In un genere letterario come la science fiction, dominato da modelli narrativi americani o inglesi, è importante mantenere viva la memoria di come la fantascienza si sia sviluppata in via autoctona in una serie di paesi, in particolare oltre l’ex cortina di ferro, senza influenze dirette di modelli anglosassoni; anzi — è il caso di Stanisław Lem — stampando un’impronta indelebile nell’immaginario di più generazioni di scrittori occidentali.

Con la pubblicazione di Universi (pp 1580 euro 35,00 stampa, euro 9,99 ebook) meritoria (e ponderosa) iniziativa editoriale, pubblicata in accordo con Piergiorgio Nicolazzini Literary Agency, Mondadori colma numerosi buchi nella bibliografia italiana del grande scrittore polacco scomparso nel 2006. Lem è conosciuto anche fuori dai confini degli appassionati di science fiction soprattutto per quel romanzo, Solaris, ripubblicato da Sellerio, dal quale nel 1972 ha tratto un indimenticabile film il regista russo Andrej Tarkovskij.

Va detto che numerosi altri titoli di Lem sono presenti sui cataloghi di collane di fantascienza, e anche presso editori non specializzati (per esempio il bellissimo La voce del padrone, 1968, per Bollati Boringhieri). Piuttosto irregolare, e anche incompleta, era invece finora la traduzione delle raccolte di racconti, in parte colmata negli anni scorsi da alcune iniziative di Marcos y Marcos.

Il grande volume di Universi copre finalmente l’intero periodo creativo di Lem, dagli esordi, cioè dalle Memorie di un viaggiatore spaziale (1957) che contiene le avventure di Ijon Tichy, a L’enigma del 1996. L’imponente volume è diviso in due parti: la prima raccoglie cinque antologie di fantascienza, fiction pura; la seconda, intitolata “gli apocrifi”, raggruppa altri cinque insiemi di testi diversi ed è, in certo senso, persino più interessante della prima parte.

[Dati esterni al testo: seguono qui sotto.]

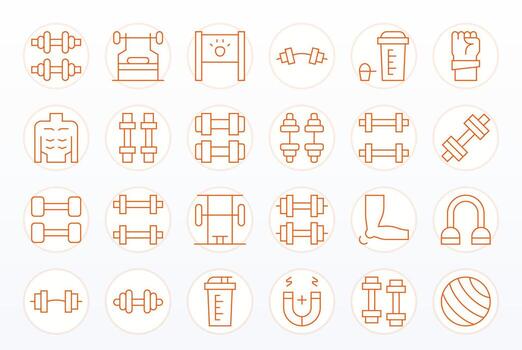 24 Icons for Muscle featuring Retina Ready Pixel Aligned Thin Line Graphics vector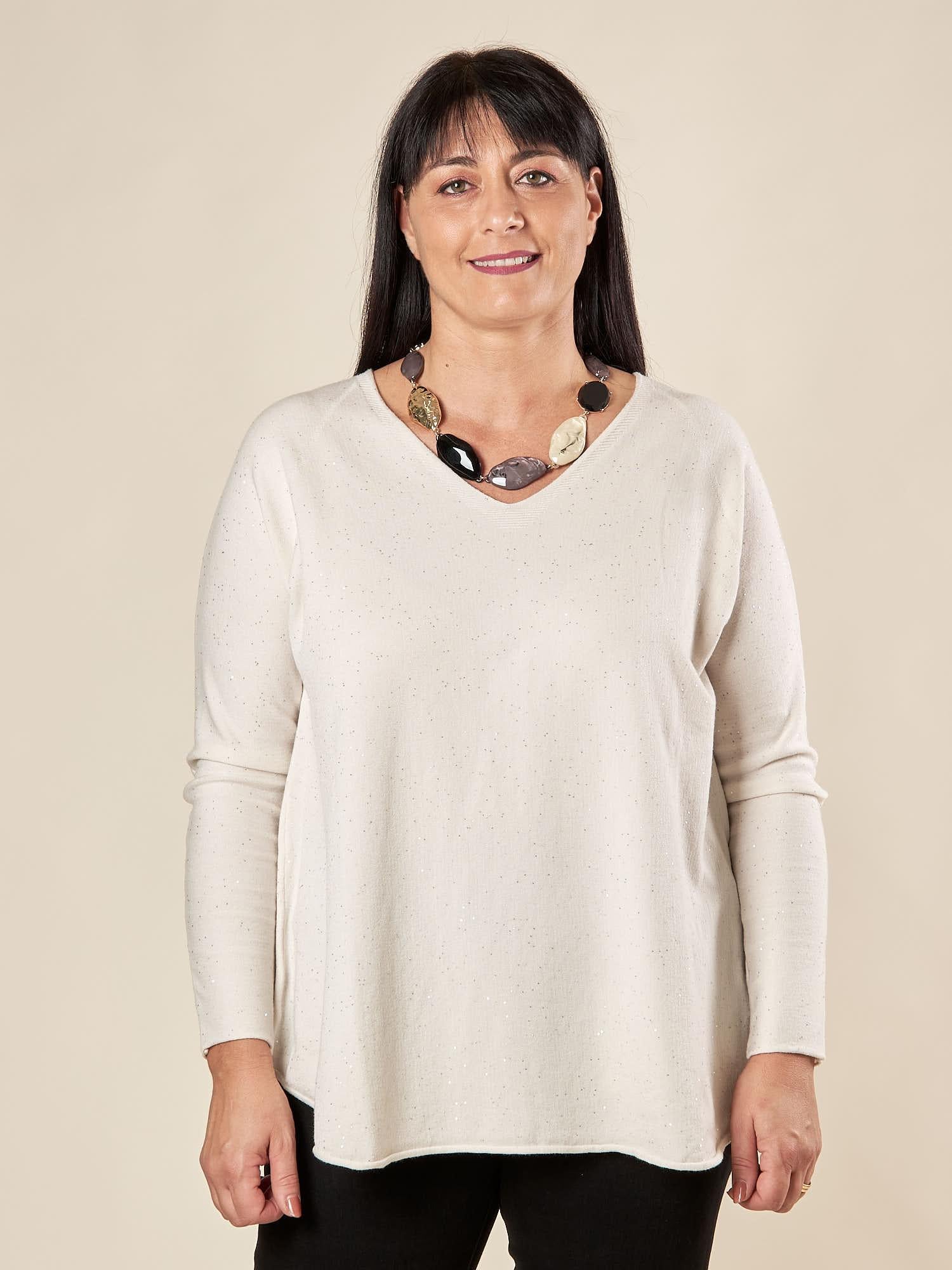 Maglia Donna Curvy in Viscosa  Scollo a V, Manica Raglan e Micro Paillettes Tono su Tono. F768YBFAZ23804 CREMA Lizalù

Il lettore abituato alla science fiction contemporanea, che in massima parte proviene da paesi di lingua inglese (ma anche quella italiana si è ormai inserita nella medesima tradizione), potrebbe trovare ostici, poco familiari i racconti di Lem. Questo non soltanto perché l’estetica della fantascienza occidentale ha cominciato a divergere in maniera significativa con gli anni Ottanta — e dunque in questa ottica Lem potrebbe essere considerato un autore classico — ma soprattutto perché l’autore polacco si è lasciato influenzare solo marginalmente dall’estetica del cinema, con le sue ricadute spettacolari sul ritmo della trama, e la continua rincorsa dell’idea originale e mirabolante non ancora battuta da altri autori.

Grande è infatti la distanza tra Lem e la science fiction prodotta oggi, al punto che potremmo essere indotti a considerare quella dell’autore polacco una letteratura di tipo didattico, veicolo di un messaggio positivista che ci fa sorridere con un po’ di tenerezza. In realtà dobbiamo tenere presente che l’estetica della science fiction si è fatta sempre più “esoterica”, comprensibile solo dagli iniziati, al punto che un lettore non abituale si ritrova davanti a un muro difficile da scalare, fatto di stereotipi e tópoi stratificati.

Sappiamo che la grande trappola per lo scrittore di fantascienza è l’infodump, quel “rigurgito d’informazioni” che serve a chiarire il paradigma dell’ambientazione, e che se gestito in modo maldestro allontana il potenziale lettore.

Ecco, da una parte occorre dire che Lem ha costruito in Solaris un infodump talmente evidente (occupa un capitolo intero) da rappresentare la classica eccezione alla regola (anche perché quel capitolo è di fondamentale interesse per il lettore attento, anzi è lì una parte non secondaria del fascino del romanzo); dall’altra invece, paradossalmente, nella sua produzione breve Lem non ha bisogno di “importunarci” con eccessive informazioni perché la sua scrittura non è assolutamente “esoterica”. È noto che Lem è considerato tra i maggiori scrittori del suo paese non malgrado sia schedato come autore di fantascienza, ma proprio per questa ragione.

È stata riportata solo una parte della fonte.